The day is not far when you would be able to keep a robot pet that can mimic the behaviour of real ones, for researchers in Taiwan have come closer to developing a robot vision module that might one-day recognize human facial expressions and respond appropriately.
Users expect their robot pets to be almost as good as the "robots" they see in 3D movies and games.
The researchers, Wei-Po Lee, Tsung-Hsien Yang and Bingchiang Jeng of National Sun Yat-sen University, have now turned to neural networks to help them break the cycle of repetitive behaviour in robot toys and to endow them with almost emotional responses to interactions.
"We have developed a user-centric interactive framework that employs a neural network-based approach to construct behaviour primitives and behaviour arbitrators for robots," explained the team.
Their evaluation of the approach should allow them to construct an emotion-based pet robot much more quickly than current design and manufacturing prototyping allows.
Building fully autonomous artificial creatures with intelligence akin to humans is a very long-term goal of robot design and computer science.
On the way to such machines, home entertainment and utility devices such as "Tamagotchi" digital pets and domestic toy robots such as Aibo, the robotic dog and even the Roomba robotic vacuum cleaner, have been developed.
At the same time, popular science fiction culture has raised consumer expectations.
"With current technologies in computing and electronics and knowledge in ethology, neuroscience and cognition, it is now possible to create embodied prototypes of artificial living toys acting in the physical world," explained Wei-Po Lee and colleagues at the National Sun Yat-sen University, Kaohsiung.
The team explained there are three major issues to considered in robot design.

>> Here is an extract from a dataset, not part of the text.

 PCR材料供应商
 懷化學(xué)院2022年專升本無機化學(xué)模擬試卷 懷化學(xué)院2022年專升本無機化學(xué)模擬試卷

The first is to construct an appropriate control architecture by which the robot can behave coherently. The second is to develop natural ways for the robot to interact with a person. The third is to embed emotional responses and behavior into the robot''s computer.

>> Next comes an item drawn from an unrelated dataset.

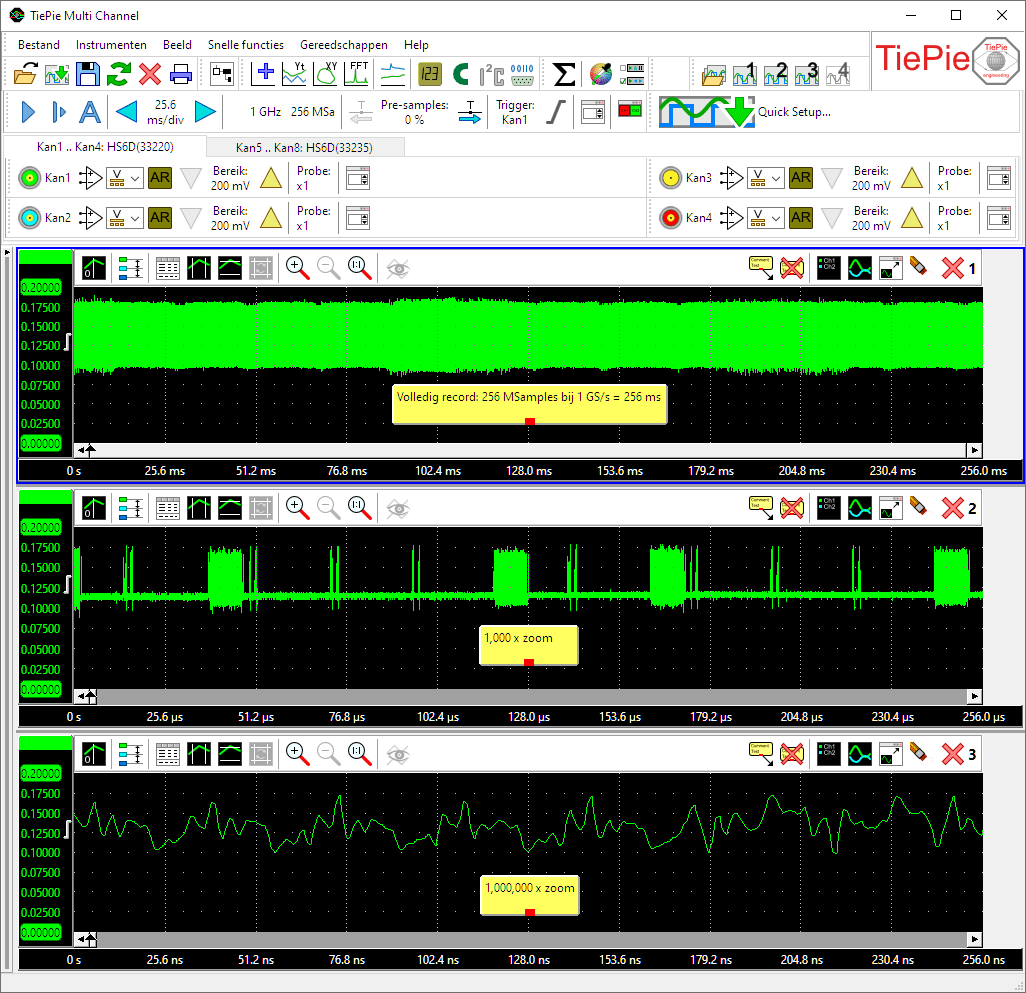 Zoom 1 miljoen keer in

The researchers hope to address all three issues by adopting an approach to behaviour-based architecture - using a neural network - that could allow the owner of a robot pet to reconfigure the device to "learn", or evolve new behaviour and at the same time ensure that the robot pet functions properly in real time.
The team has evaluated their framework by building robot controllers to achieve various tasks successfully.
Now, they, and countless other research teams across the globe, are working on vision modules for robots.
The technique is not yet fully mature, but ultimately they hope to be able to build a robot pet that could recognize its owner''s facial expressions and perhaps respond accordingly.
Such a development has major implications for interactive devices, computers and functional robots of the future.
The study has been published in the current issue of the International Journal of Modelling, Identification and Control.